In a glass ceramic green sheet containing at least a ceramic powder, a glass ceramic powder containing glass powder, and an organic binder, the glass ceramic powder is at a temperature not lower than the glass transition temperature of the glass powder and lower than the softening point. A green sheet characterized by being a heat-treated powder. The green sheet according to claim 1, wherein the specific surface area of the glass ceramic powder after heat treatment is 30% or more and less than 60% of the specific surface area of the glass ceramic powder before heat treatment. The green sheet according to claim 2, wherein the air resistance (Gurley) is 5 × t (sec) or less when the thickness of the green sheet is t μm. In the glass ceramic powder, the ceramic powder includes a ceramic powder having a tungsten bronze structure including Ba, Ti, and O and at least Nd or Sm.

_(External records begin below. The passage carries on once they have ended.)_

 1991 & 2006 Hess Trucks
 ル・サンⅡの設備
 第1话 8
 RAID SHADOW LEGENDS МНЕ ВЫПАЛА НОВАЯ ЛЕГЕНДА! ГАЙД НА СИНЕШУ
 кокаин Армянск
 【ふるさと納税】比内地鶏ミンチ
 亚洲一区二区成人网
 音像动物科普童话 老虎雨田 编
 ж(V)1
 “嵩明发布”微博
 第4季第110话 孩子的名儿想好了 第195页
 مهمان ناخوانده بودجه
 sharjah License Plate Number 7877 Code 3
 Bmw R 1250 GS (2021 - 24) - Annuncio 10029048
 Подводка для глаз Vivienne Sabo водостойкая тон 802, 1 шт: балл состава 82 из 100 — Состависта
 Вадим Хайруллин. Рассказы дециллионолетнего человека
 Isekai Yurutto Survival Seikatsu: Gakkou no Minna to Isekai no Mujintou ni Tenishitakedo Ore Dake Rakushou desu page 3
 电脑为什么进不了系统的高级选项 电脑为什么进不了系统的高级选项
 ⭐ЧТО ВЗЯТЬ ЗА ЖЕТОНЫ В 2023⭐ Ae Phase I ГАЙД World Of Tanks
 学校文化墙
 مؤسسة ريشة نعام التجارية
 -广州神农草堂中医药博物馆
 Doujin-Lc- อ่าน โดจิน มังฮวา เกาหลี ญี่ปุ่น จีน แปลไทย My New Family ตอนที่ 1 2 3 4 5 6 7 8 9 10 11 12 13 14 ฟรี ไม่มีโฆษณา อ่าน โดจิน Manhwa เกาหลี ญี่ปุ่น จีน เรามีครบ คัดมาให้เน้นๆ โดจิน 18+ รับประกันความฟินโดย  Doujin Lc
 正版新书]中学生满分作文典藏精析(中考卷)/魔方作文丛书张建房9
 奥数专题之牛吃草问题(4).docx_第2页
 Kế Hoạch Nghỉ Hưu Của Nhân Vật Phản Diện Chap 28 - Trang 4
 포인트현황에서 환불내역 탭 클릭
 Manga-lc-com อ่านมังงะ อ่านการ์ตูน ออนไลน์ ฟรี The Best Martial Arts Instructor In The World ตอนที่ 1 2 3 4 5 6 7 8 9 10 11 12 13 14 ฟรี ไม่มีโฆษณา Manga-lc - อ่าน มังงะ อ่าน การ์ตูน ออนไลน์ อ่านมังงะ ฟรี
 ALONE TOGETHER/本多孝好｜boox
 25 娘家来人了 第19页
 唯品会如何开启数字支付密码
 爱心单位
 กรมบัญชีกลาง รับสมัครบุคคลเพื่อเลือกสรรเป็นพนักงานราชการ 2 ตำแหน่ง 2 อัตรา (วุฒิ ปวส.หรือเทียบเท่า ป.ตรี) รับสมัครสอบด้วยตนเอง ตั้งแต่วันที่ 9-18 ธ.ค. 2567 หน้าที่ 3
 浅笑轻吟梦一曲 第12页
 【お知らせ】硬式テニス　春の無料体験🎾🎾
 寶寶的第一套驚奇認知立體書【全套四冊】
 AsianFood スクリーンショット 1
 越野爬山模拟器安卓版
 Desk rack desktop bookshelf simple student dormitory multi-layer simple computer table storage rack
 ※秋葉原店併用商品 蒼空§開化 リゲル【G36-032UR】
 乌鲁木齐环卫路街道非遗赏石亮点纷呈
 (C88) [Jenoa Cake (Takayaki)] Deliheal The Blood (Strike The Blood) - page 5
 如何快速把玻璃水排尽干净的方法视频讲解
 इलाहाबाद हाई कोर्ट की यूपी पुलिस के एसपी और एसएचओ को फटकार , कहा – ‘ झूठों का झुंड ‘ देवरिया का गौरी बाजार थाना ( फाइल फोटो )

The glass powder includes Si, Ba, La, and The green sheet according to claim 1, comprising at least O. A multilayer substrate in which a laminate in which a plurality of the green sheets according to any one of claims 1 to 4 are laminated is baked in a range of 900 ° C to 950 ° C to have a relative density of 95% or more. A step of heat-treating glass ceramic powder containing at least ceramic powder and glass powder at a temperature not lower than the glass transition temperature of the glass powder and lower than the softening point, and the heat-treated glass ceramic powder and organic binder. A step of producing a slurry containing a dispersion medium, a step of forming and drying the produced slurry into a film to obtain a green sheet, a step of forming a conductor layer mainly composed of Ag or Cu, and the green sheet And a conductor layer mainly composed of Ag or Cu, and a step of obtaining a laminate, and a step of firing the laminate.